#### WHAT YOU NEED TO DO:
Take the listing below and output it exactly, with no images.

#### DATA EXTRACT:
-----
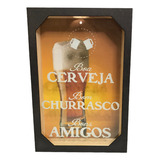 Quadro Porta Tampa Cerveja Madeira Mdf Vidro Decoração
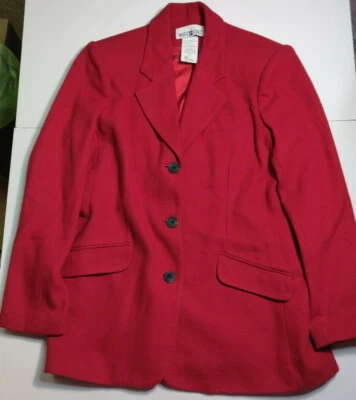 WHITE STAG WOMEN'S 100% WOOL RED BUTTON DOWN BLAZER JACKET SIZE 6 - Image 1 of 3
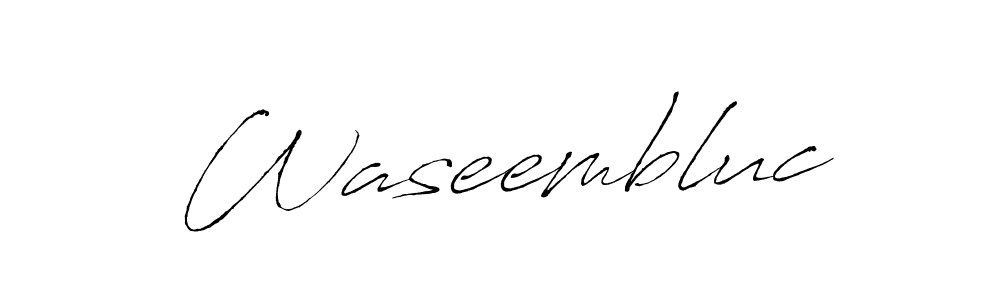 How to make Waseembluc name signature. Use Antro_Vectra style for creating short signs online. This is the latest handwritten sign. Waseembluc signature style 6 images and pictures png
-----
#### RESULT OF THE TASK:
 Quadro Porta Tampa Cerveja Madeira Mdf Vidro Decoração
 WHITE STAG WOMEN'S 100% WOOL RED BUTTON DOWN BLAZER JACKET SIZE 6 - Image 1 of 3
 How to make Waseembluc name signature. Use Antro_Vectra style for creating short signs online. This is the latest handwritten sign. Waseembluc signature style 6 images and pictures png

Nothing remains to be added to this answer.